Large Language Models (LLMs) continue to amaze us with their capabilities. However, the utilization of LLMs in production AI applications requires the integration of private data. Join us as we have a captivating conversation with Jerry Liu from LlamaIndex, where he provides valuable insights into the process of data ingestion, indexing, and query specifically tailored for LLM applications. Delving into the topic, we uncover different query patterns and venture beyond the realm of vector databases.
Jerry Liu: Yeah, that’s a good question. And maybe just to kind of frame this with a bit of context - I think it’s useful to think about certain use cases for each index.

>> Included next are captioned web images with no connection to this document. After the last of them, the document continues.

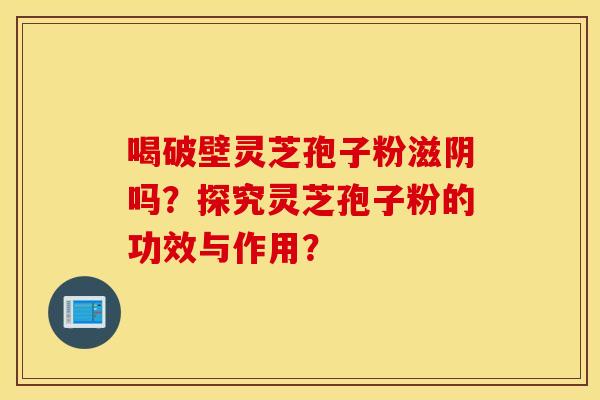 喝破壁灵芝孢子粉滋阴吗？探究灵芝孢子粉的功效与作用？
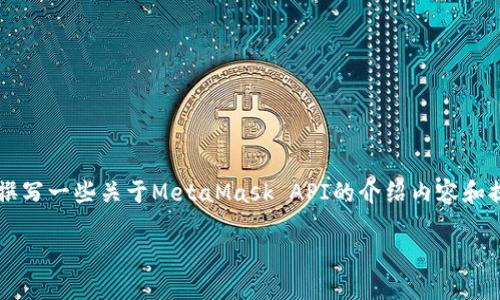 注意：由于字数的限制，我将首先提供一个符合您要求的和关键词，然后将撰写一些关于MetaMask API的介绍内容和提问部分。如果您需要全文4000字的内容，请告诉我，我可以分批为您提供。

基于MetaMask API的区块链应用开发完全指南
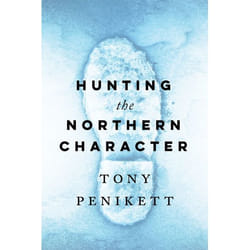 UBC Press Hunting the Northern Character livre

So the thing about vector index, or being able to use a vector store, is that they’re typically well-suited for applications where you want to ask kind of fact-based questions. And so if you want to ask a question about specific facts in your knowledge corpus, using a vector store tends to be pretty effective.
[26:13] For instance, let’s say your knowledge corpus is about American history, or something, and your question is, “Hey, what happened in the year of 1780?” That type of question tends to lend well to using a vector store, because the way the overall system works is you would take this query, you would generate an embedding for the query, you would first do retrieval from the specter store in order to fetch back the most relevant chunks to the query, and then you would put this into the input prompt of the language model.
So the set of retrieved items that you would get would be those that are most semantically similar to your query through embedding distance. So again, going back to embeddings - the closer different embeddings are between your query and your context, the more relevant that context is, and the farther apart it is, then the less relevant. So you get back the most relevant context or query, feed it to a language model, get back an answer.
There are other settings where standard Top-K embedding base lookup - and I can dive into this in as much technical depth that you guys would want to, but there’s a setting that’s really standard, kind of like Top-K embedding-based retrieval doesn’t work well. And one example where it doesn’t typically work well - and this is a very basic example - is if you just want to get a summary of an entire document or an entire set of documents. Let’s say instead of asking a question about a specific fact, like “What happened and 1776?” maybe you just want to ask the language model “Can you just give me an entire summary of American history in the 1800s?” That type of question tends to not lend well to embedding-based lookup, because you typically fix a Top-K value when you do embedding-based lookup, and you would get back very specific context. But sometimes you really want the language model to go through all the different contexts within your data.
So a vector index, storing it with embeddings would create a query interface where you can only fetch the k most relevant nodes. If you store it, for instance, with like a list index, you could store the items in a way such that it’s just like a flat list. So when you query this list index, you actually get back all the relevant items within this list, and then you’d feed it to our synthesis module to synthesize the final answer. So the way you do retrieval over different indices actually depends on the nature of these indices.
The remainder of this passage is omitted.